You have $98\%$ in one class, right? This means that, knowing nothing about the data, you should be able to get $98\%$ of them right by guessing that majority class. If you get $97\%$ of them right, that sounds like an $\text{A}$ in school and thus a good model, but the model does worse than randomly guessing!
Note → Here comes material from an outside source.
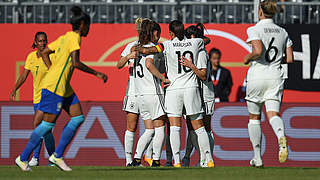 Starker Auftritt im Hardtwaldstadion: Die DFB-Frauen besiegen Brasilien © 2017 Getty Images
Better yet, compare using proper scoring rules like log loss (crossentropy) or Brier score, against a model that always predicts the prior probability of $P(y=1) = 0.02$. This is analogous to how $R^2$ works in linear regression, by always guessing the mean of the $y$ variable. In your case, the mean of the $y$ variable is the class ratio. If you can't beat the model that always guesses $P(y=1) = 0.02$, perhaps you have a poor model. (Specifics would depend on the misclassification costs, which you might or might not know.)
$$\text{Log Loss}\\
L(y, \hat y) = -\frac{1}{N}\sum_{i = 1}^N \bigg( y_i\log(\hat y_i) + (1 - y_i)\log(1 - \hat y_i) \bigg)$$
$$
\text{Brier Score}\\
L(y, \hat y) = \frac{1}{N}\sum_{i = 1}^N \bigg(y_i - \hat y_i\bigg)^2
$$
This assumes your $y_i\in\{0, 1\}$. If you use $y_i\in\{-1. 1\}$, you would have to modify the loss functions or change how you label your categories. The $\hat y_i$ values are probabilities. There are issues with the log loss if you predict a probability of $0$ or $1$. Some see this as an upside of log loss, while others see it as a downside.
This kind of evaluation of the probability outputs is why statisticians do not see class imbalance as an issue.